MAHKEMESİ :Asliye Hukuk Mahkemesi

Taraflar arasındaki kooperatif üyeliğinden ihraç kararının iptali davasının bozma kararına uyularak yapılan yargılaması sonunda ilamda yazılı nedenlerden dolayı davanın kabulüne yönelik olarak verilen hükmün süresi içinde davalı vekilince temyiz edilmesi üzerine dosya incelendi, gereği konuşulup düşünüldü.
-K A R A R-
Davacı vekili, müvekkilinin davalı kooperatif yönetim kurulunun 08/06/2006 tarihli kararı ile kooperatif ana sözleşmesinin ortaklık şartlarını belirten 10.maddesinin 3,5 ve 6. fıkralarında açıklanan şartları taşımadığı gerekçesiyle kooperatif ortaklığından hukuka aykırı bir şekilde ihraç edildiğini, müvekkilinin ortaklığa girerken ortaklık şartlarından bir kısmının noksan olduğu bilinerek kabul edildiği halde aynı nedenle ihraç kararı verilmesinin objektif iyiniyet kurallarına aykırı olduğunu, kooperatife karşı tüm hak ve vecibelerini yerine getirdiğini, müvekkiline daha önceden kooperatiften ihraç edileceği yönünde hiç bir bildirimde bulunulmadığını ileri sürerek, kooperatif ortaklığından ihraç edilme yönündeki kararın iptalini talep etmiştir.
Davalı vekili, kooperatif tüzel kişiliği yerine yönetim kurulu üyeleri aleyhine açılan davanın husumetten reddi gerektiğini, davacının tahditli plaka uygulamasına geçiş döneminde kooperatifle ilişkisini kendisinin kestiğini, tahditli plaka uygulamasına geçiş sürecinden önce tercihini başka bir kooperatif ortağı olarak kullandığını, davacının kooperatif ortağı olabilmek için yükümlülüklerini yerine getirmediğini savunarak, davanın reddine karar verilmesini talep etmiştir.

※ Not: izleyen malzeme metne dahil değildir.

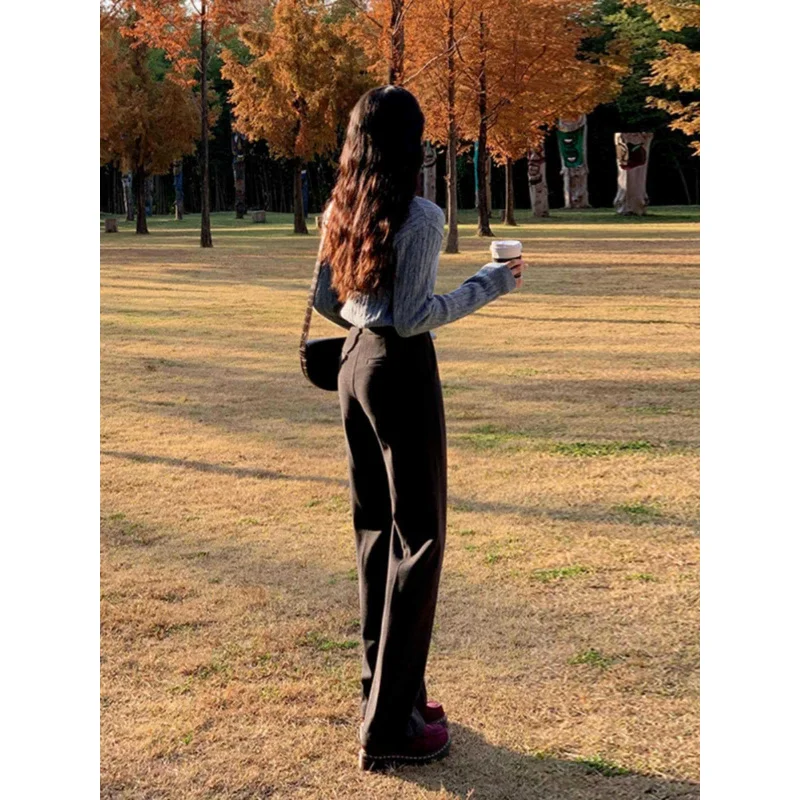Woolen Narrow Wide-Leg Pants Autumn and Winter2024New High Waist Thickened Straight-Leg Pants Small Commuter Fleece-lined Suit P
Woolen Narrow Wide-Leg Pants Autumn and Winter2024New High Waist Thickened Straight-Leg Pants Small Commuter Fleece-lined Suit P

Mahkemece, Yargıtay 11.Hukuk Dairesi’nin 2010/2887 Esas,2010/3148 Karar sayılı bozma ilamına uyularak, davacının üyeliğe kabul edildikten sonra üyelik koşulunu kaybetmesi ya da koşulu taşımadığının anlaşılmasının üyelik sıfatını hemen kaybetmesine neden olmadığı, üyelik şartını yerine getirmek için kendisine önel verilmesi gerektiği gerekçesiyle, davanın kabulüne karar verilmiştir.

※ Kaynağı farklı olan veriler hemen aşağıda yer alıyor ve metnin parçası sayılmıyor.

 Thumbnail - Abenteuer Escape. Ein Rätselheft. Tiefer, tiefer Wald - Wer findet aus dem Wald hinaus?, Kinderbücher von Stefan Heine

Karar, davalı vekilince temyiz edilmiştir.
Dosyadaki yazılara, mahkemece uyulan bozma kararı doğrultusunda inceleme yapılıp hüküm verilmiş olmasına, delillerin takdirinde bir isabetsizlik bulunmamasına, bozmanın kapsamı dışında kesinleşmiş olan yönlere ilişkin temyiz itirazları incelenemeyeceğine göre, davalı vekilinin tüm temyiz itirazları yerinde değildir.
SONUÇ: Yukarıda açıklanan nedenlerle, davalı vekilinin temyiz itirazlarının reddiyle usul ve kanuna uygun bulunan hükmün ONANMASINA, 14.12.2011 gününde oybirliğiyle karar verildi.